Do ponto de vista estritamente processual, há a realçar que esta é uma providência tutelar cível, e, ipso facto, tem a natureza de um processo de jurisdição voluntária, o que se alcança da leitura combinada dos arts. 3.º, al. c), e 12.º, do Regime Geral do Processo Tutelar Cível, pelo que goza da plasticidade que os ditames gerais constantes dos arts. 986.º a 988.º do Código de Processo Civil, enquanto direito subsidiário ex vi art. 33.º, n.º 1, do Regime Geral do Processo Tutelar Cível, consagram.
Nos processos de jurisdição voluntária, como é o caso, é consabido que não vigora o ónus de alegação e prova do figurino tradicional processual civil, o Tribunal não está sujeito a critérios de legalidade estrita, mas tem ampla liberdade investigatória e probatória, devendo construir, em face da concreta dinâmica familiar que lhe é presente, a solução que entenda ser, nesse momento, a mais conveniente e oportuna, sem prejuízo da alterabilidade das resoluções tomadas (cláusula rebus sic stantibus), com fundamento em circunstâncias supervenientes.

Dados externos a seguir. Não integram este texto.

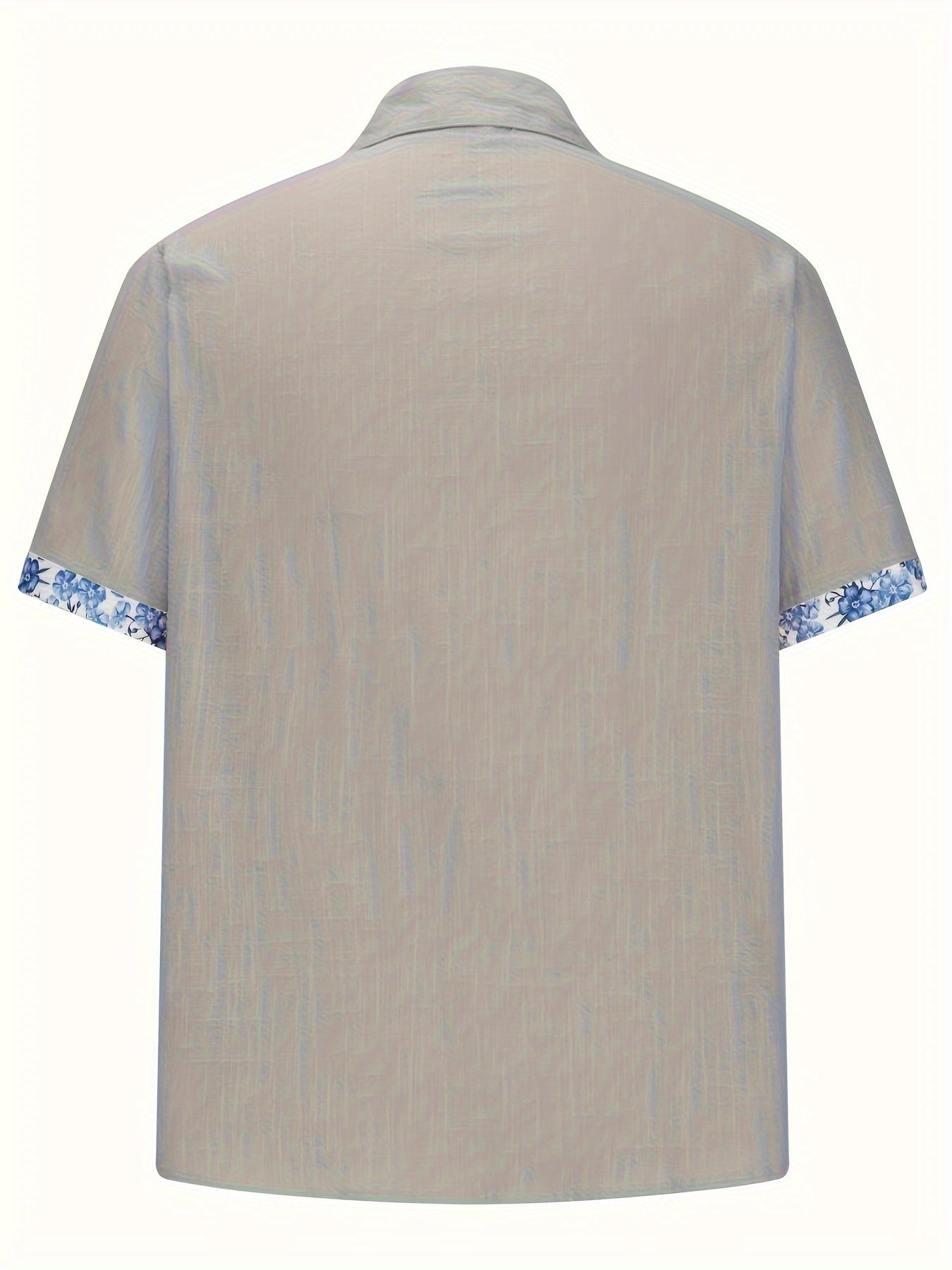 Himmelblaue Blumenprint-Hemd - Leo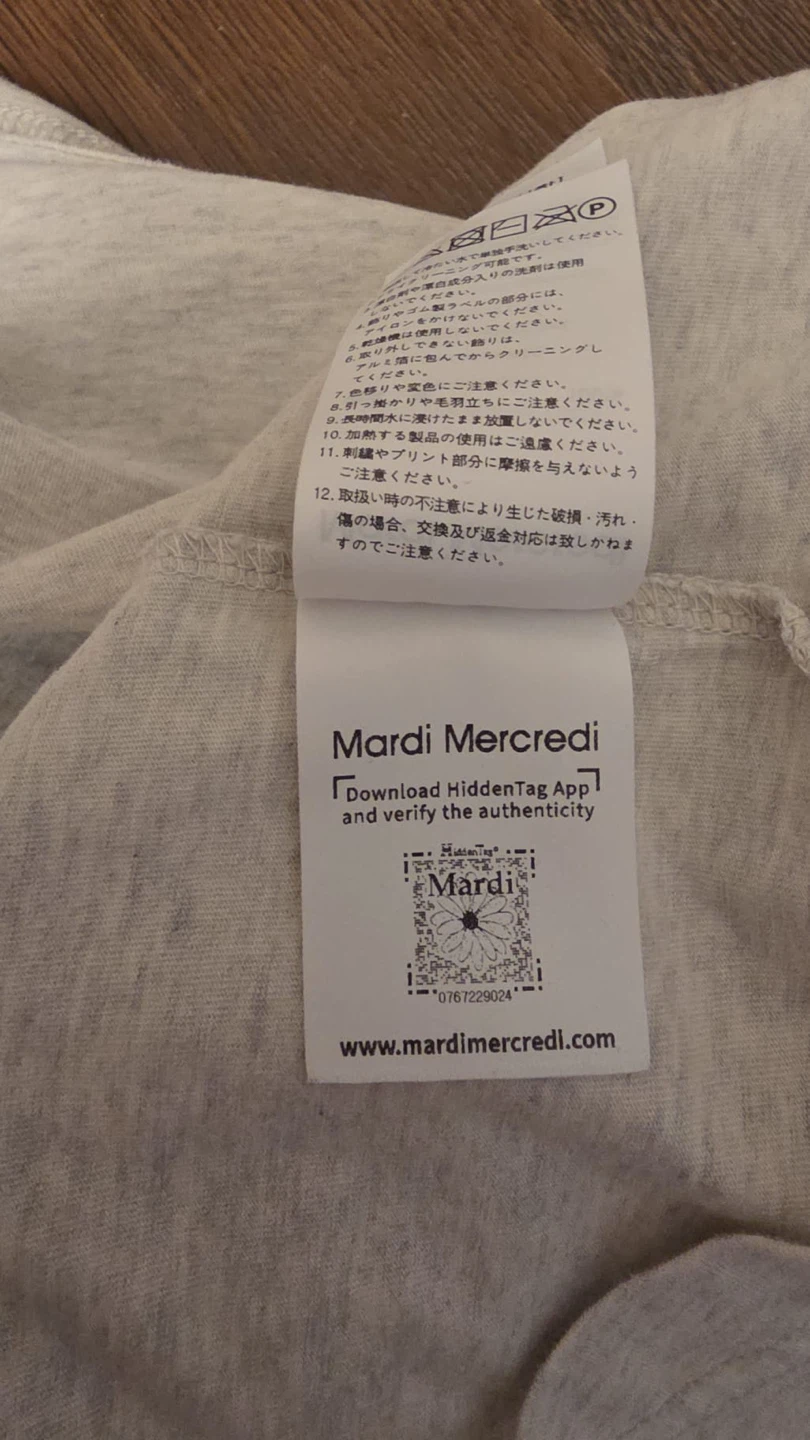Mardi Mercredi Grey Flower Graphic T-Shirt - photo 3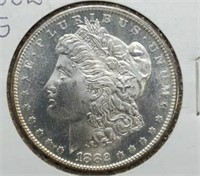1882-S Morgan Silver Dollar, Gem BU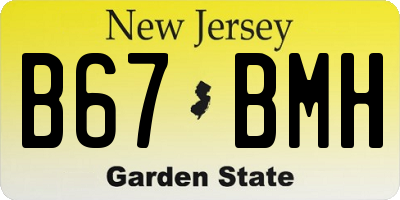 NJ license plate B67BMH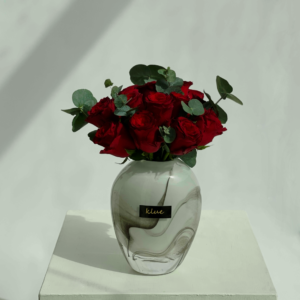 Velvet Red Vase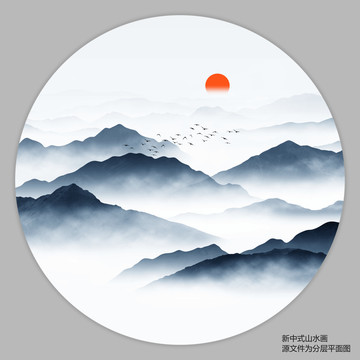 禅意山水画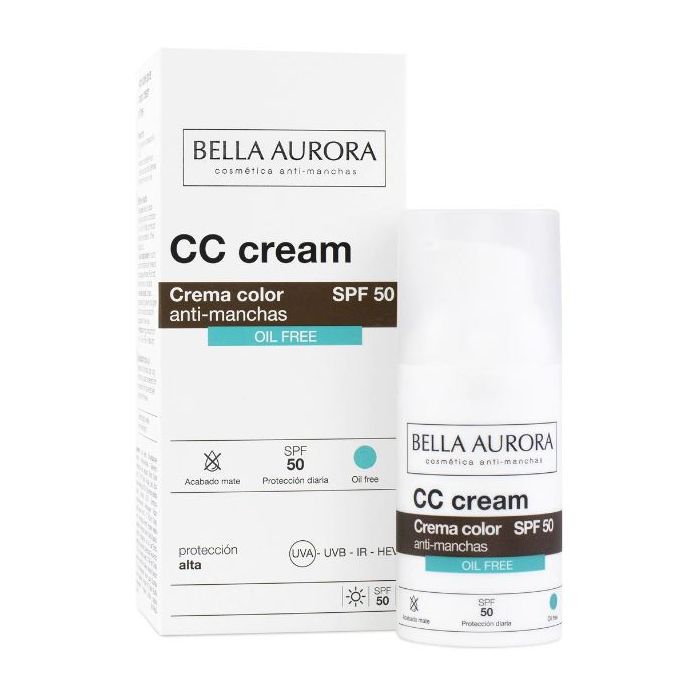 Crema Colorata Anti-macchie senza Olio Spf 50+: Spf 50 30ml - Bella Aurora - 1
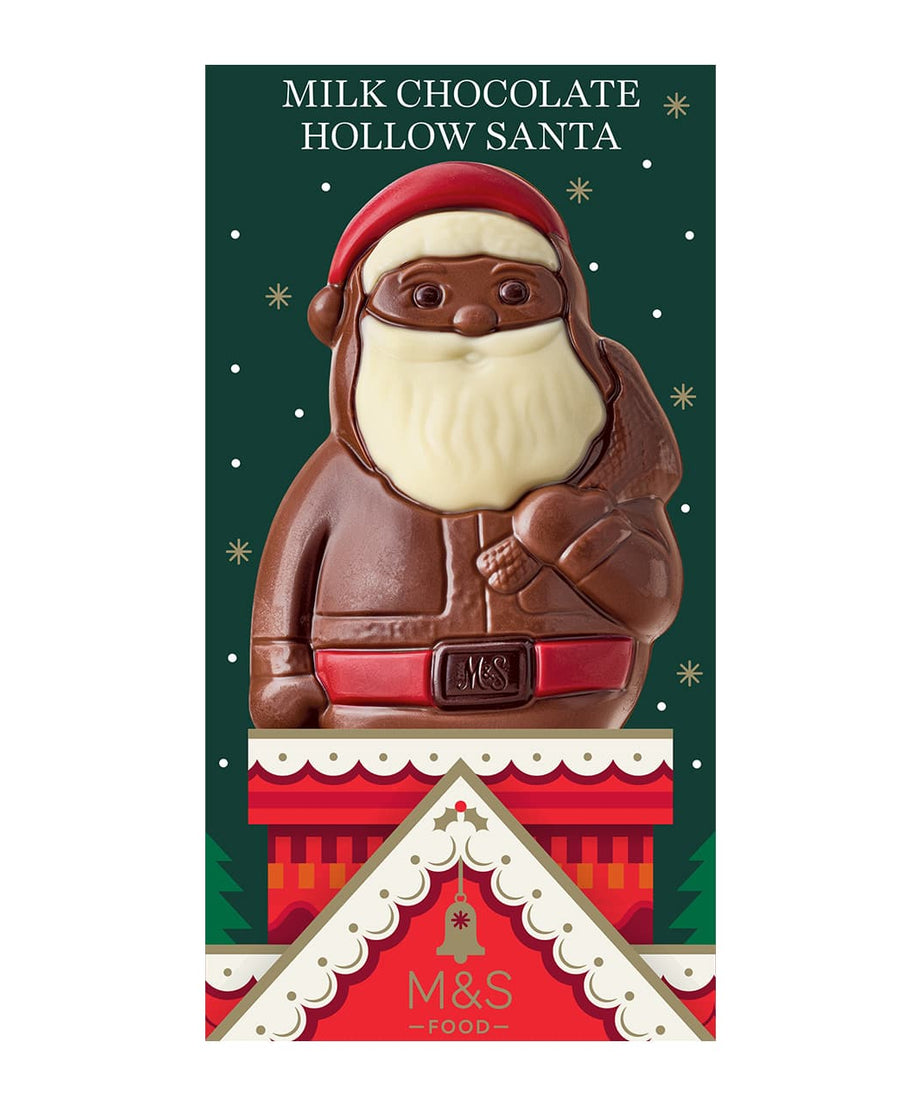 M&S Food - Santa Claus Milk Chocolate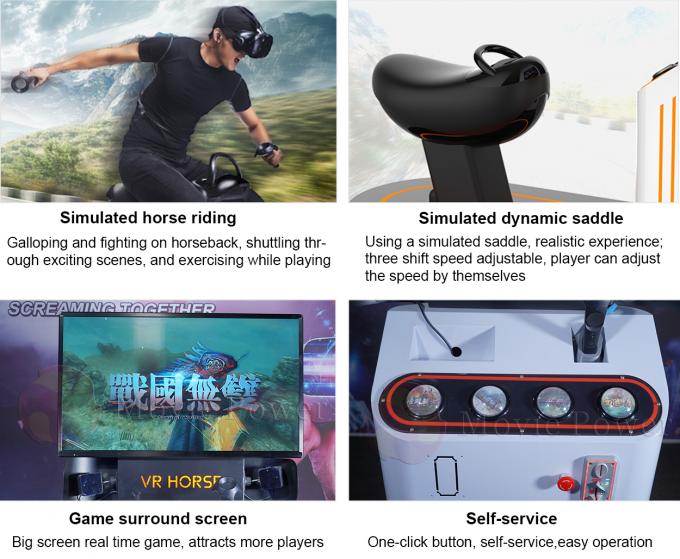 เกมหยอดเหรียญ VR Virtual Reality Simulator ม้า 9D ประสบการณ์เกมแข่งรถจำลอง 1
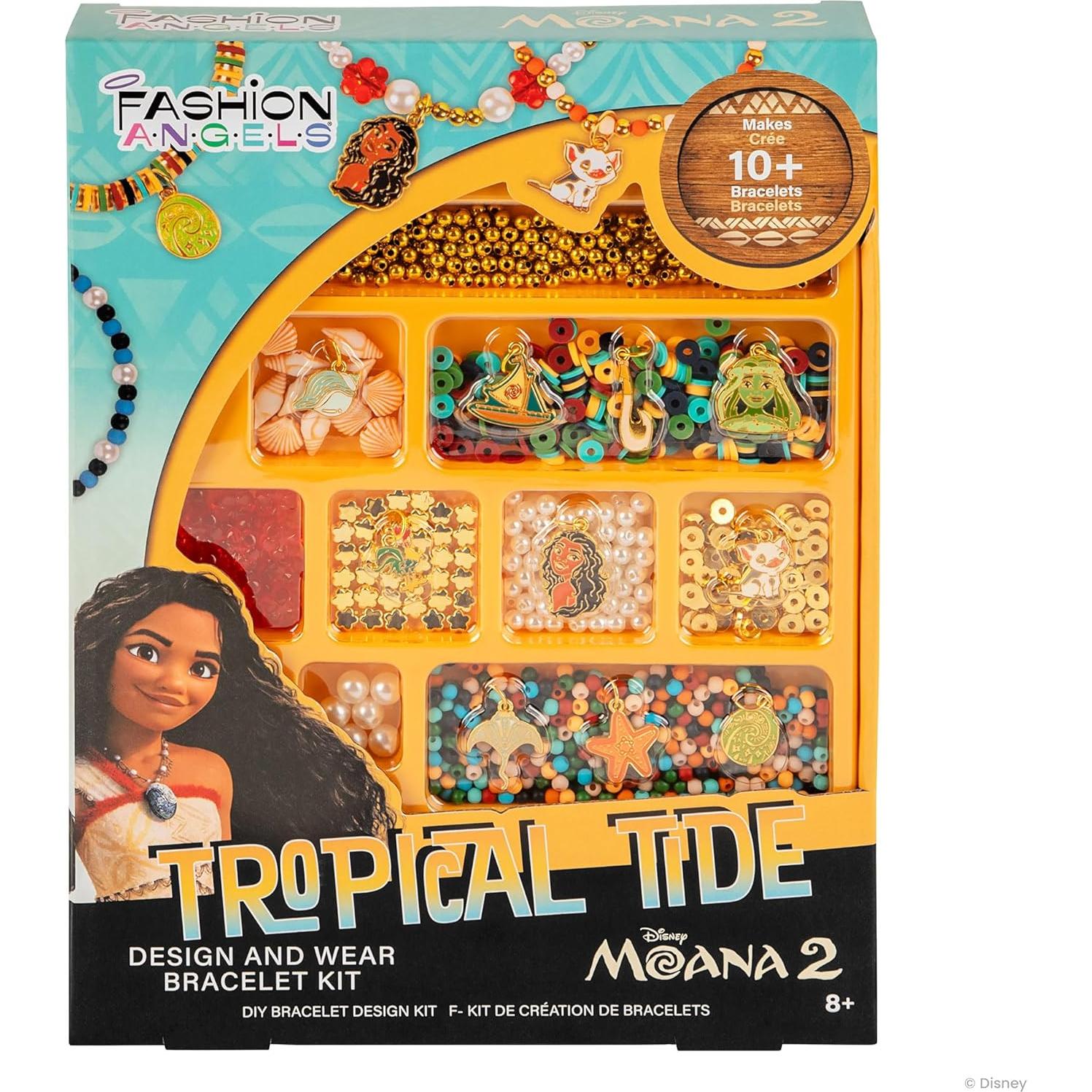 Kit de Joyería DIY Moana 2 Tropical Tide Fashion Angels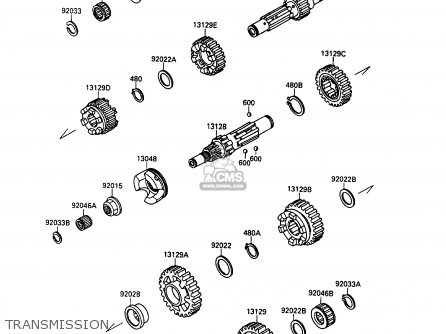 TRANSMISSION - VN1500B6 VN15SE 1992 EUROPE UK FR AR FG IT NR SD ST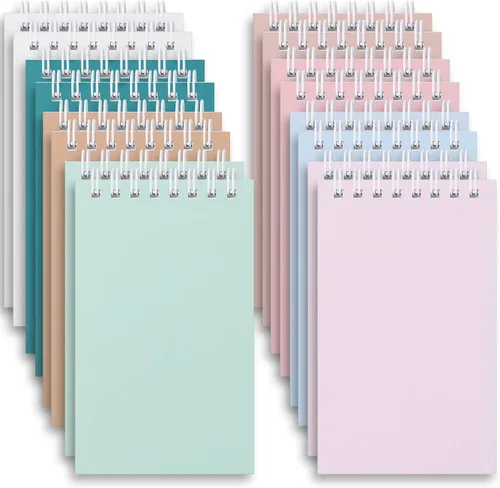 Vista 10 de Ddaowanx Cuadernos pequeños, bloc de notas en espiral de bolsillo de 3 x 5 pulgadas con páginas rayadas, el pequeño cuaderno perfecto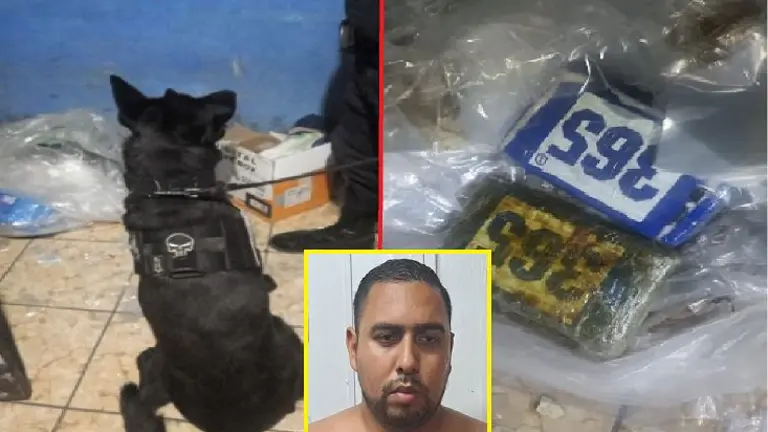 El Cuche con cocaína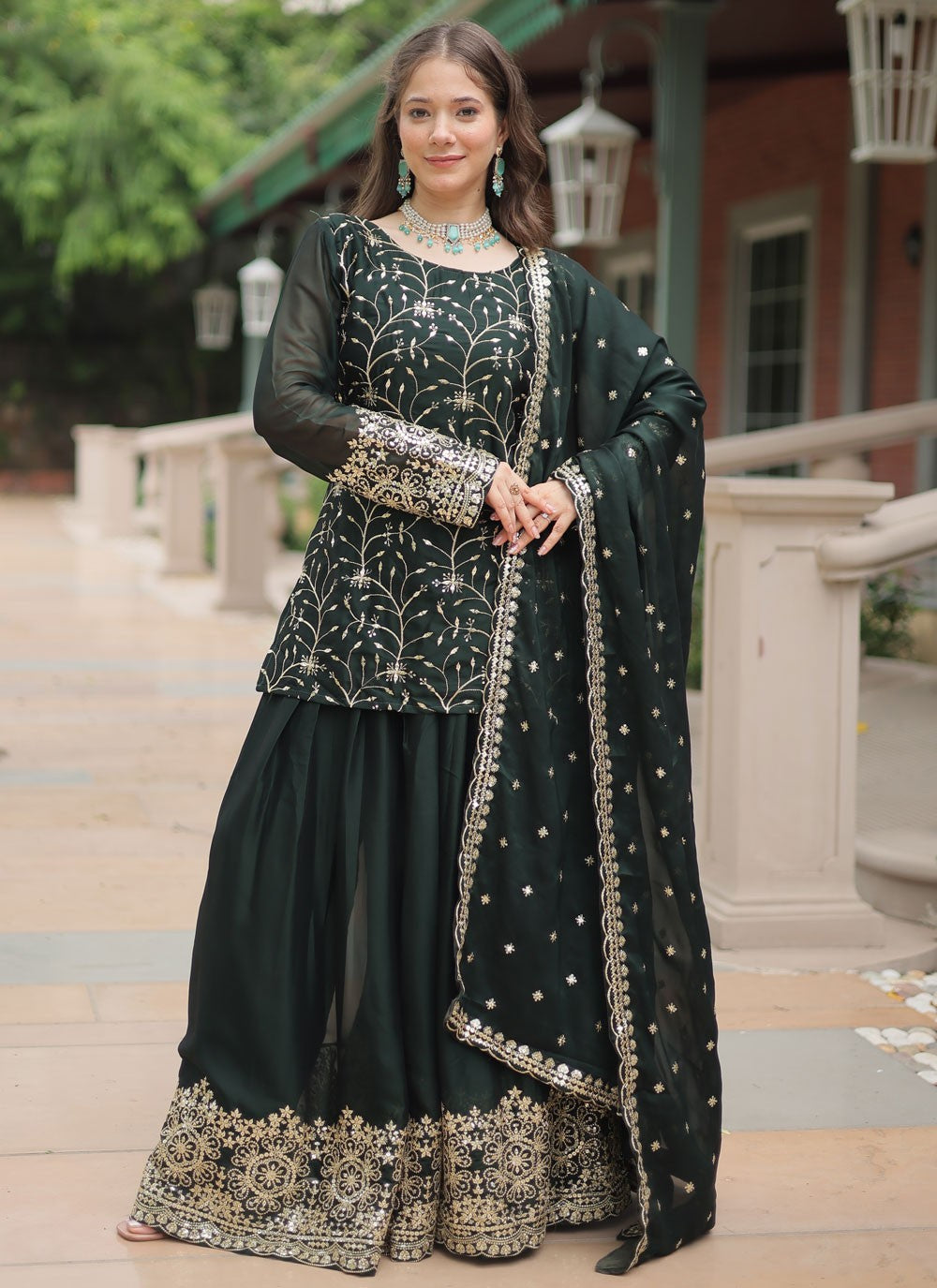 Rangoli, Silk Salwar Suit - T4031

A pedra de toque é, pois, a discricionariedade vinculada ao fim, ou seja, o Tribunal, colocando sempre o enfoque na criança ou jovem e tendo procedido a uma avaliação exigente e sindicável do seu superior interesse, tem o poder-dever de encontrar soluções exequíveis, razoáveis e promotoras de pacificação intrafamiliar.
Tudo em estrita observância das garantias de defesa, na dimensão do exercício do princípio do contraditório, isto é, integralmente cumprido o processo equitativo (arts. 6.º, n.º 1, da Convenção Europeia dos Direitos Humanos[6], 47.º, § 2.º, da Carta dos Direitos Fundamentais da União Europeia, 9.º, n.ºs 1 e 2, da Convenção sobre os Direitos da Criança[7], 8.º, n.º 2, e 20.º, n.º 4, ambos da Constituição da República Portuguesa, 25.º, n.ºs 1 e 3[8], do Regime Geral do Processo Tutelar Cível, e 3.º, n.º 3, e 4.º, ambos do Código de Processo Civil).
A Recorrente propendeu no sentido de não estarem verificados os pressupostos para que fosse intentada esta acção tutelar cível, segundo verte o art. 42.º, n.º 1, do Regime Geral, isto é, quando haja incumprimento do acordo ou da decisão final, ou quando surjam circunstâncias supervenientes que imponham a modificação do quadro existente nessa data.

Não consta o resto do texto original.